Fifteen-year-old West Grayer has trained as a fighter, preparing for the day when her assignment arrives and she will have one month to hunt down and kill her Alt. But then a tragic misstep shakes West’s confidence. Stricken with grief and guilt, she’s no longer certain that she’s the best version of herself, the version worthy of a future. If she is to have any chance of winning, she must stop running not only from her Alt, but also from love . . . though both have the power to destroy her.
Elsie Chapman’s suspenseful YA debut weaves unexpected romance into a novel full of fast-paced action and thought-provoking philosophy. When the story ends, discussions will begin about this future society where every adult is a murderer and every child knows there is another out there who just might be better.
The latest trend I’ve noticed in YA seems to be some kind of alternate reality or version of yourself, parallel universes, or twins. Honestly, I think they sound pretty cool. If you read my review of Parallel last week, you’ll know that I really enjoyed it. After hearing great things and really liking Parallel, I was pretty excited for both Dualed and Pivot Point by Kasie West. I haven’t read Pivot Point yet, but I was disappointed by Dualed.

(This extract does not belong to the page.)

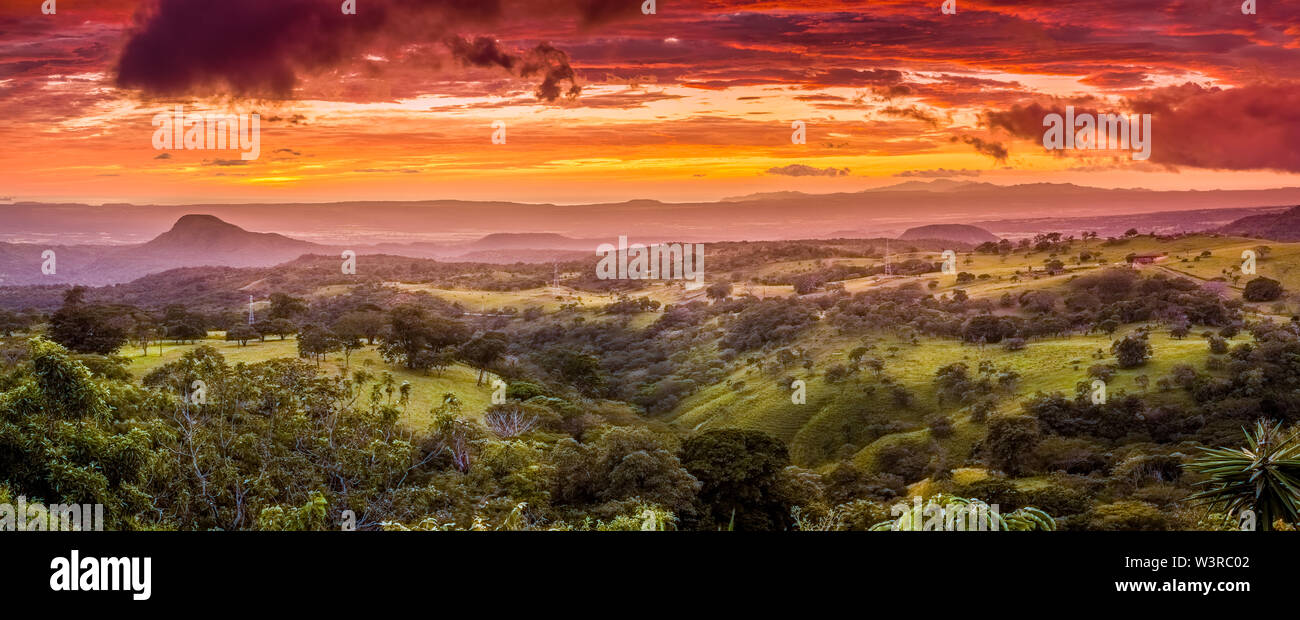 Dramatischer Sonnenuntergang im Nationalpark Santa Rosa in Costa Rica Stockfoto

I thought that the synopsis of Dualed sounded really good, but I’m not sure exactly what I was expecting. Dualed started off pretty well, with West’s brother’s best friend, Chord, receiving his assignment. West and Luc go with Chord to find his Alt, though they know better than to assist him in the actual kill. However, the assignment doesn’t end well, leading West to the deepest grief of her life. Honestly, after the beginning, I thought I was off to a great start.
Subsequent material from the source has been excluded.